How and why would I deal with buying a land locked property, this would have to be the first question you would ask yourself if you have never dealt with land with no road or easement to it. The first thing we need to do is set up a scenario to work off of so lets use a land tract lets say twenty acres sitting behind a forty acre land tract. I know this is hard to picture in your mind but let’s forget a minute about everything except there is no legal access to the twenty acres of land for sale in Alabama.
Where do you start, let’s assume a few things in the closing process like you have negotiated a great sales price on the land because it has no road or legal access, also that the only thing left to do now is work out an easement to the land. I would recommend predicating your contract for sale on your ability to gain legal access to the land if not you will have a very hard if not impossible time securing financing for the closing and this could leave you open to a possible law suite for specific performance for not fulfilling your contract obligations. We are also for this article going to use the easement by necessity argument which is a very common issue in buying land for sale in Alabama and other southern states where property has been acquired through heirship, meaning death of a parent with no will.

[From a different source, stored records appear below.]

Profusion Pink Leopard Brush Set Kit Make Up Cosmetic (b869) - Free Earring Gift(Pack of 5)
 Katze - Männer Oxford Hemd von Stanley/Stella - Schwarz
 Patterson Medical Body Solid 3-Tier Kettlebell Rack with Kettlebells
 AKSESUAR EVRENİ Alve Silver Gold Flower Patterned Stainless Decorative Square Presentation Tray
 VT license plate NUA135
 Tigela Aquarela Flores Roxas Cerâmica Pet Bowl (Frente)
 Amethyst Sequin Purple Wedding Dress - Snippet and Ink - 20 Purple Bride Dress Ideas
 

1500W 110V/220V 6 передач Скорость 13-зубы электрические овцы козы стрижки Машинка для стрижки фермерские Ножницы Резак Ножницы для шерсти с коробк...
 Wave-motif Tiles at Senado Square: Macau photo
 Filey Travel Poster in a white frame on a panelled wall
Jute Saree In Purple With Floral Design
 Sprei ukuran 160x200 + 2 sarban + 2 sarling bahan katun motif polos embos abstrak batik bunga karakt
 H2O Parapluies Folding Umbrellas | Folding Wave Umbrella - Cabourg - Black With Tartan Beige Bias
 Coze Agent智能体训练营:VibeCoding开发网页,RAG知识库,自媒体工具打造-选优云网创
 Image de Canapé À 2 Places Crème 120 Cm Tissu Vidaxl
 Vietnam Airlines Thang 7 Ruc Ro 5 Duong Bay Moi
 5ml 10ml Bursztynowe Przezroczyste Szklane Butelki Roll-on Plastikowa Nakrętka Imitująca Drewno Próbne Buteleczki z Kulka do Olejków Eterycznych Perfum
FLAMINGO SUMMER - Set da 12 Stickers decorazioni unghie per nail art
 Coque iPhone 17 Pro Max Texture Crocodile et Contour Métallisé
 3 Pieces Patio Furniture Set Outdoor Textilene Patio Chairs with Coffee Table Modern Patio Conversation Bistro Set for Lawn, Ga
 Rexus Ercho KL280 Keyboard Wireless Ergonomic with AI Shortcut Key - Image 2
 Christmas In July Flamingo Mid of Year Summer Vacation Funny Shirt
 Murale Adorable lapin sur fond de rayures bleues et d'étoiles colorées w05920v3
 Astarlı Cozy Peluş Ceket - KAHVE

Let’s say Mr. Smith purchased his twenty acres of land for sale in Alabama and an easement by necessity arises by implied grant when his part of the original commonly-owned tract of land is severed (sold) in such a way that either portion of the property has been rendered inaccessible except by passing over the other portion or by trespassing on the lands of another. An easement by necessity requires no written conveyance because it is a vested right for successive holders of the dominant tenement and remains binding on successive holders of the servient tenement. What exactly does this mean, if a tract of land started out being sixty acres and the original land owner sold twenty acres years before Mr. Smith purchased his tract and that twenty acres lies behind the forty away from the main road then that twenty acres Mr. Smith purchased is by legal definition not land locked and accessible by easement by necessity or a must have for the right of way or easement.
This does not mean smooth sailing by any stretch, the owner of the forty acres in front of Mr. Smith’s twenty acres can fence or gate off his twenty acres at any point and this will usually lead to court action so better to get that easement in writing prior to your land closing. Take all your legal argument with you and ask for a meeting with your soon to be neighbor and try to work out a written easement which just solidifies your legal right to the road or passageway to your land. If you can’t work out your easement with the neighbor get an experienced land attorney to file suite for you and do not waste your time on an attorney with no experience, ask how many cases he has filed and more important how many he has taken to court and won. An inexperienced attorney will cost you time and money and don’t think if he is bad enough that he can’t lose this sure win way, a bad attorney can kill this process I have used many legal arguments in my days of buying and selling land and easement by necessity is always the easiest to prove sometimes you will be challenged in court but that’s how you negotiate a cheep price and remember this may not become an issue for the original land owner until there is a new owner in town, you.
There is a lot of land for sale in Alabama that is land locked and that is a perfect opportunity to save thousands of dollars buying your land. If you have the patience and fortitude to buy land locked property and work out the problems you could save as much as half of the purchase price of the land.